Ischemic Preconditioning Through Opening of Swelling-Activated Chloride Channels?
To the Editor:
We want to make the readers of Circulation Research aware of challenges that have arisen regarding an article that was recently published by Diaz et al1 in Circulation Research. They proposed the attractive idea that improved cellular volume control through opening of swelling-activated chloride channels was responsible for the infarct size reduction by ischemic preconditioning. Unfortunately, we were unable to reproduce most of their data.2 Specifically, we were unable (1) to induce consistently a swelling-induced chloride current using the same solutions and hypo-osmolarity (215 mOsm) as Diaz et al in isolated rabbit cardiomyocytes, and instead had to use the solutions and hypo-osmolarity (167 mOsm) in the original report of Wong et al; (2) to find a current amplitude (60 mA/pF at +60 mV) of the magnitude reported by Diaz et al, even with the stronger hypo-osmotic stimulus and elicited a current amplitude of only an order of magnitude less, consistent however, with several prior studies as referenced in our article; (3) to block the swelling-induced chloride currents with drugs at the low concentrations reported by Diaz et al, and had to use 100-fold higher concentrations, which proved toxic in whole hearts, again consistent with prior studies; and (4) to prevent infarct size reduction by ischemic preconditioning in isolated rabbit hearts at the drug concentrations reported by Diaz et al.
Diaz et al3 have published a response in the Journal of Molecular and Cellular Cardiology that addresses our challenge.
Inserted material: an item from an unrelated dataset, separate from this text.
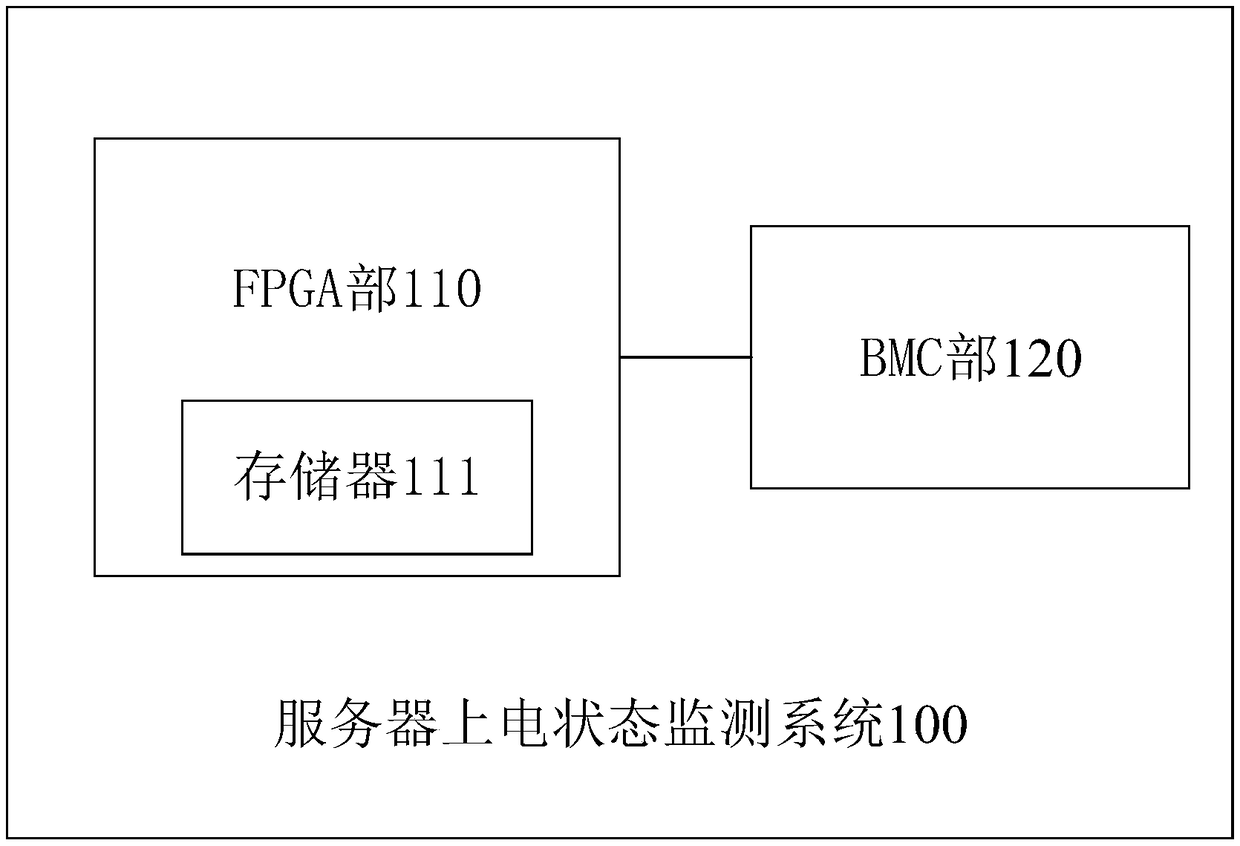 server-electrifying-state-monitoring-system-and-method-computer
We have further responded to their new arguments and clarifications with our own rejoinder.4 The details of this exchange will not be repeated here, but all interested readers of the original study1 are hereby alerted to the controversy.
We still believe that improved cellular volume control is an attractive effector candidate of ischemic preconditioning, but this hypothesis remains to be adequately tested.